With a plethora of reservoirs and rivers throughout the United States, many fathers and sons build and strengthen bonds on the water. In many cases, the platform is fishing. Others enjoy strengthening their relationships while paddling small crafts, and others find pleasure in being powered by the wind.
The father/son team of Scott Free Racing recently took a victory at the hometown of Sarasota, Florida.
Steve Kildahl and his son Stephen find camaraderie on the water as well. However, their interest lies in a much faster and aggressive sport than does the average family's. They share a passion for roaring engines, speed and the challenge of an ever changing ocean's surface. They make up the Scott Free Racing team.
Scott Free Racing Is anticipating success throughout the remainder of the 2013 season and lis looking forward to racing in the Superboat International World Championships at Key West.
Comparable to other styles of racing, those competing in offshore racing are expected to follow a course. Running in the Vee Class, the Kildahl team generally embarks upon an eleven lap race consisting of 50 to 55 miles. In optimal conditions, the Vee class boats will run in the 80 to 90-MPH range. Referred to as some as "NASCAR on the water, the races take anywhere from one to one-and-one-half hours to complete.
"This is our seventh season racing together, and our second season racing in the Superboat Vee class," explained, Stephen. "My father, Steve is the throttle man and I am the driver.
"What makes the sport of offshore boat racing different (from many other types of racing) is the fact that it takes two people to operate the boat. As the driver, my sole responsibility is to steer the boat.
"As the throttle man, my dad's responsibility is to control the speed," Stephen continued. "He also controls the attitude of the boat with the trim of the outdrive and the trim tabs. He controls how much water ballast is in front of the boat for different sea conditions. So it literally takes a team that can work together to be competitive in the sport. Being the fact I race with my dad, we get along great and think alike in the boat. I think this is a strong advantage for us on the course."
Running a 30-foot Phantom race boat powered by a 525-horsepower Innovation racing engine, the father/son team of Scott Free Racing, recently had the opportunity to race in their home town of Sarasota, Florida. Having already worked out a mechanical issue after their previous race at Cocoa Beach, they were geared up and anticipating a successful run.
"Our team always holds high expectations in every race we go to," ensured Stephen. "Especially in Sarasota. My dad and I have a good track record there, winning six out of seven previous races at this venue."
With confidence on their side, they prepared for a fierce battle in a field of four. When the final run deemed the event behind them, Steve and Stephen Kildahl were declared the victors.

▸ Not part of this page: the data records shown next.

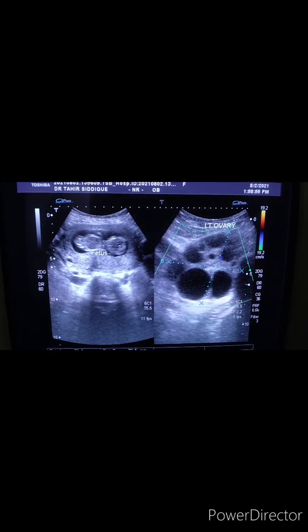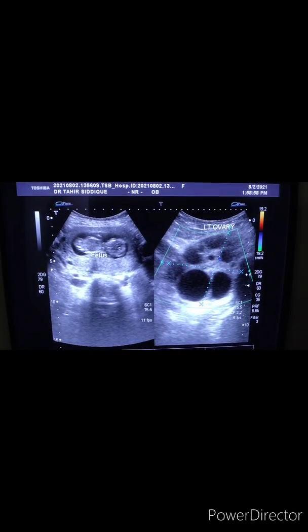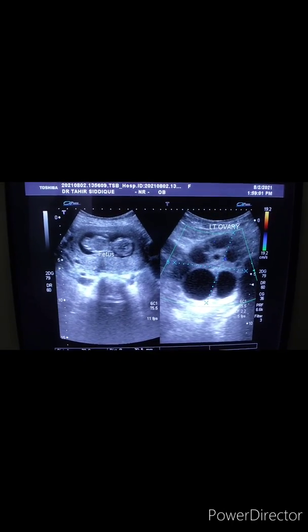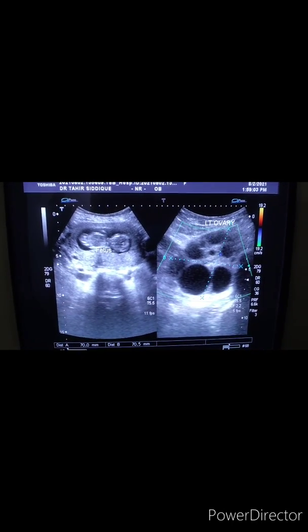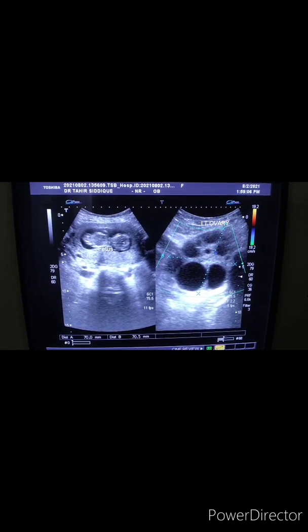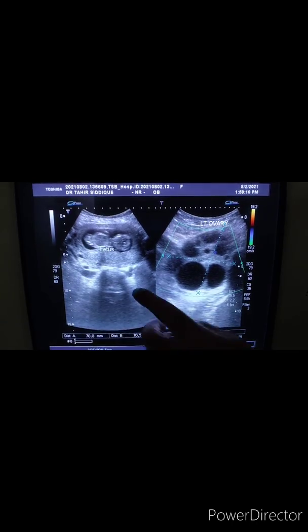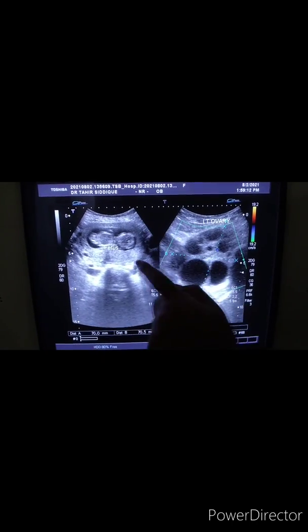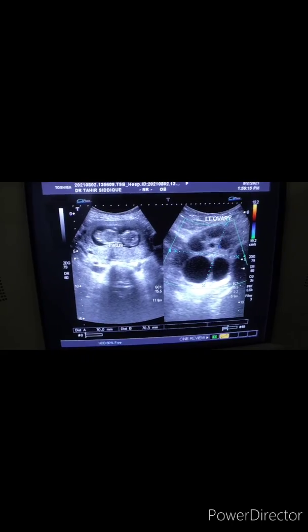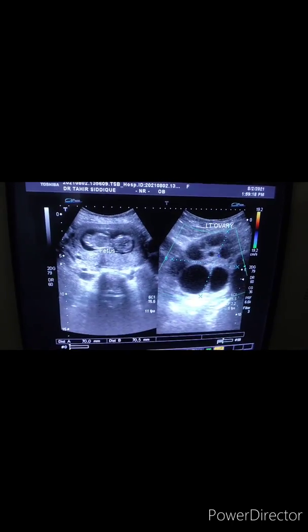Frozen image of an obstetric scan in which the gestational age is 12 weeks. This is the fetus, this is the gestational sac, and the fetus is 12 weeks.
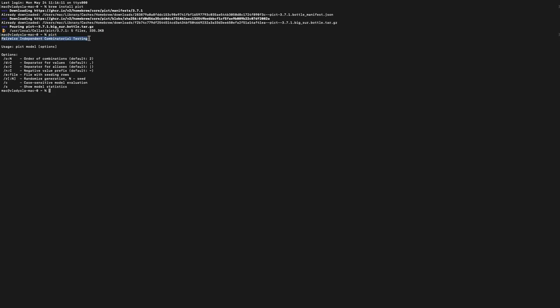If you see such output, it means everything was successful and you've finally installed PICT. You're able to use it for your combinatorial tests, especially when you use pairwise test design technique. Good luck!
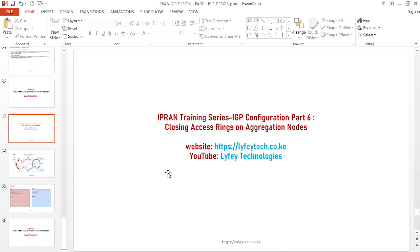Hi everyone, welcome back to Life Technologies channel. Thank you for watching. We've been going through a parent training series where we have been dealing with IGP configuration, and in today's part six we'll be looking at how to close access rings on aggregation nodes.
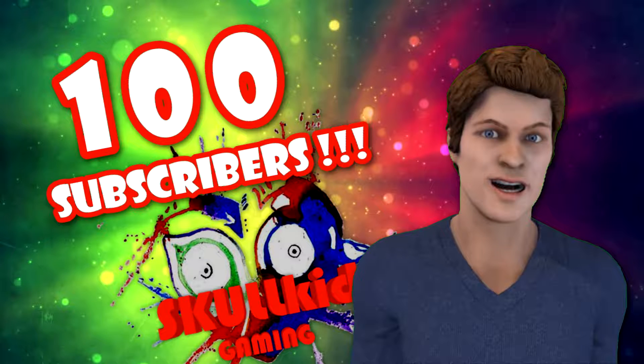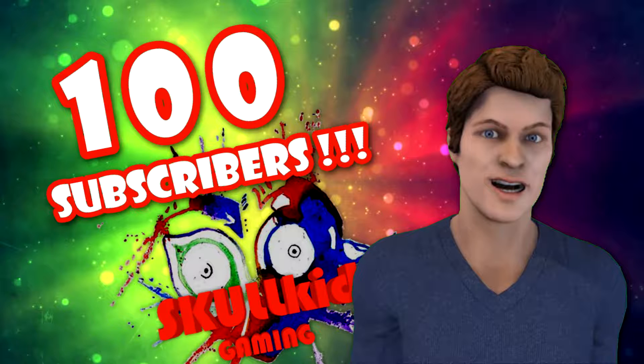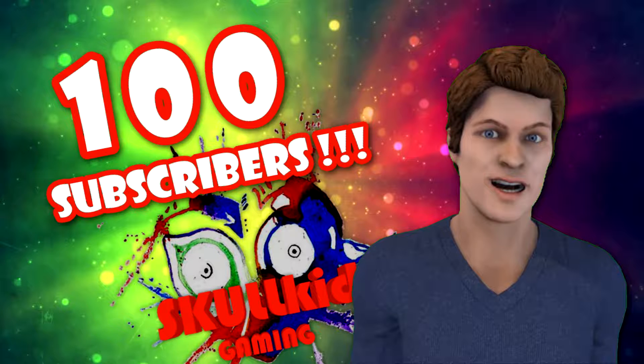Hello everybody, my name is Skullkid, and welcome back to another quick short video. And as you guys may know, we have recently hit 100 subscribers. Thank you guys all so much for that once again. And as I said, I would be doing a 100 subscriber special where I would be talking about how I record stuff on YouTube.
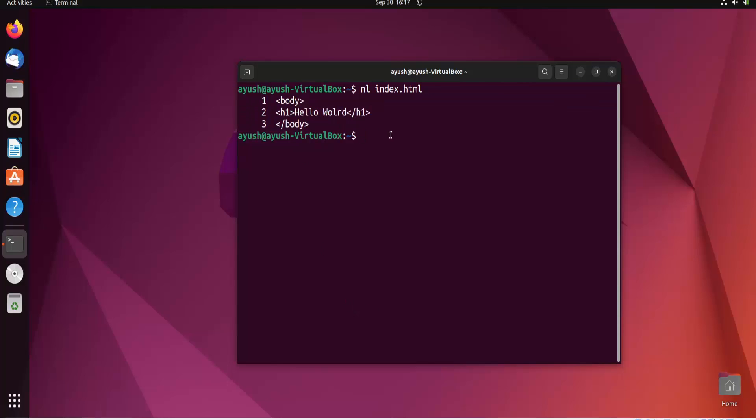So I hope you understand the use of the nl command. It's very simple. That's all for this video, and we'll meet you in the next video with some amazing commands.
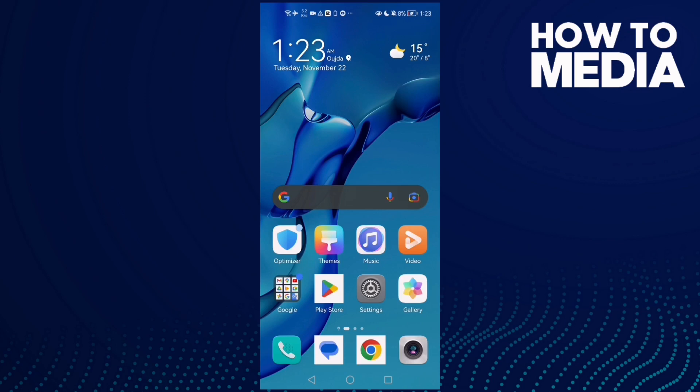How to fix Stumble Guys error on Android phone. Hello guys, in today's video I'm going to show you how to fix Stumble Guys error on Android phone.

"It was something our team needed, and no better way than in our hometown," recalled Stephen. "Our team spent the whole off season making changes to the boat to improve its speed and handling. Our win was a good boost and motivation to keep working to better the boat and to prepare for our next race. It was also a great feeling to win in front of our hometown crowd and fans," he continued. "My dad is only one of two racers to have competed in all 29 Sarasota Suncoast Super Boat Grand Prix boat races."
Currently sitting first in the points race, team Scott Free Racing is in competition for the 2013 Florida Championship of the Superboat International. However, they still have two more races ahead of them.
In the month of September, Scott Free Racing will have the opportunity to hold or even increase their lead at Clearwater Beach. Their final competition of the season, the World Championships, will follow in Key West, Florida.
Steve and Stephen Kildahl anticipate success during the remaining races of the season, and have proven their ability to win. However, they are also acutely aware that victories don't come easy. That in mind, they understand that each member of their team is an essential element of success.
"Our team is very important," explained Stephen. "We are a small team consisting mainly of family members. My dad works and maintains the boat, while I handle the marketing aspect and work with sponsors. It takes more than one person to make the team work."
The father/son team also understands the significance of keeping their boat running at its optimal performance. "Maintenance is very important to our team," he continued. "We have certain tasks that are completed before and after every race. In order to win a race you have to finish. Lack of preparation results in not competing in the race, and can also lead to failures in the boat that could result in injuries. My dad crawls through and inspects the strength of the boat after every race to ensure it is safe."
Sticklers for maintenance, team Scott Free Racing is a strong advocate of keeping the internal components of their engine contaminant free. That being said, they depend on K&N products for their filtering needs.
"Our team will not run any other air filter," Stephen ensured. "We've had tremendous success with K&N, winning three world championships, two national championships, three Florida Championships, and three speed records. K&N products can take the beating we put them through racing in rough seas. We have never had an issue with a K&N product, which shows why they are the number one air filter in the industry."
With September growing nearer by the day. the Scott Free Racing team is eagerly preparing for the next Superboat International event. When asked what the crowds can expect from their team throughout the remainder of this season Stephen Kildahl said, "Fans can expect our team to continue to prepare for our race in clearwater to compete for the Florida Championship. After that, we'll prepare for the biggest race of the year in Key West for the World Championships. Scott Free Racing plans to continue to race in the Super Vee class in the 2014 season as well."